Instructions for the task -> Make an exact copy of the entries below, with all images left out.

*****

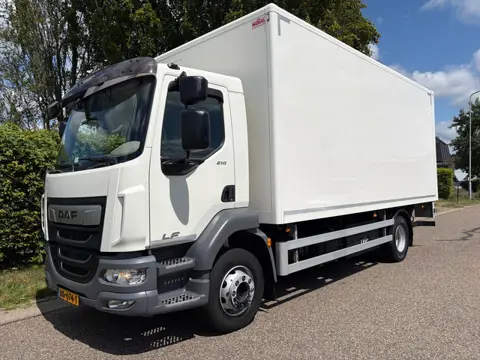DAF LF 210 E6 , 16T , Schuifzeil , laadklep 1500kg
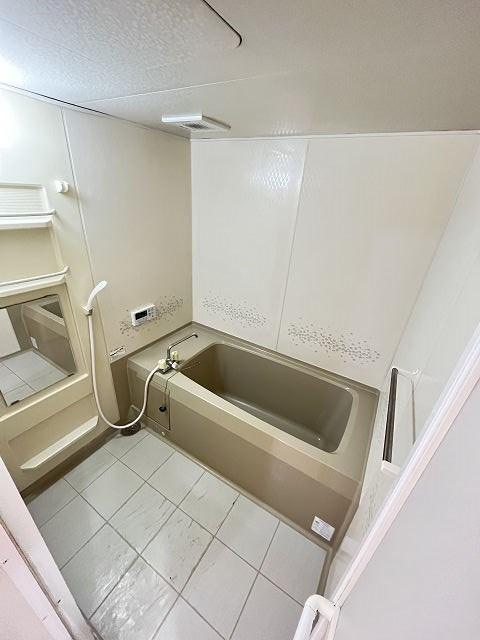 VILLA98の浴室|落ち着いた空間のお風呂です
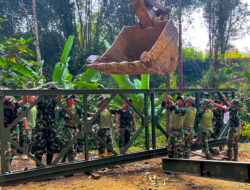 Sinergi TNI dan Warga, Kodim Tanah Datar Bangun Jembatan Bailey di X Koto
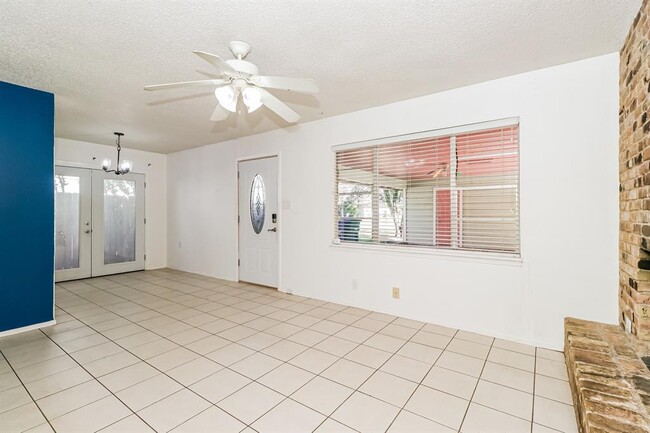 Building Photo - 8116 Exmoor Dr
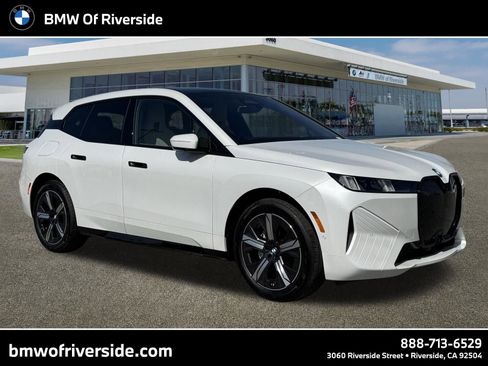 Used 2026 BMW iX xDrive60 image 1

*****

Answer below ->
DAF LF 210 E6 , 16T , Schuifzeil , laadklep 1500kg
 VILLA98の浴室|落ち着いた空間のお風呂です
 Sinergi TNI dan Warga, Kodim Tanah Datar Bangun Jembatan Bailey di X Koto
 Building Photo - 8116 Exmoor Dr
 Used 2026 BMW iX xDrive60 image 1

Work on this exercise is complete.